What's the reasoning behind making the big deck amphibs conventionally powered vice nuclear?
What's the difference in cost over the lifetime of driving one with dead dinos and one with decaying rocks?
I think that's a VERY good question. The answer as to Life Cycle Costs is...TA-DA!...NO ONE KNOWS. We have yet to decomm our first NP aircraft carrier...but I'm guessing it may be fairly eye-watering. Could be wrong...not my swim lane. ENTERPRISE won't be a good bench mark...one of a kind...I'm sure the NIMITZ-class will be better.
The "better question" might be "why do we continue to build NP carriers when every other ship in the world is conventionally or "hybrid" powered?".
Despite all of the "Kool-Aid"we've all drunk over the decades about the advantages of nuclear power, here's just a couple of factoids for your consideration:
1. Kool-Aid: CVNs can generate more sorties than any other platform:
During DESERT STORM, where there were a total of 6 CV(N)s in the fight, the carrier with the "highest number of combat sorties during the campaign" was USS MIDWAY....operating with only two...count 'em, TWO...catapults. And that was with 4 days "inport" for re-application of non-skid on the flight deck.

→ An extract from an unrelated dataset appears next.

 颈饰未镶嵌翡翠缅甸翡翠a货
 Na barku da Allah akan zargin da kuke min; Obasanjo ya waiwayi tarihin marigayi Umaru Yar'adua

2. Kool-Aid: CVNs can deliver more ordnance than any other platform:
During DESERT STORM, the "highest tonnage" [only metric that seems applicable...] was dropped by USS RANGER: Conventionally powered, and armed with a weird "All Grumman" air wing of only Tomcats and Intruders and Prowlers (yeah, Vikings, too...). Go figure.
3. Kool-Aid: Only NP warships can "sprint to the action" in time of need:
Probably true, assuming they want to leave the rest of the CSG and the entire logistics pipeline far behind. Has this "presumed capability" ever meant diddley-squat to world event or US foreign policy?
I would offer the postulate (open for discourse...) that perhaps we have become "so committed" to the concept of nuclear-powered aircraft carriers that we cannot be dissuaded from potentially better alternatives...that ought to be discussed, if not explored.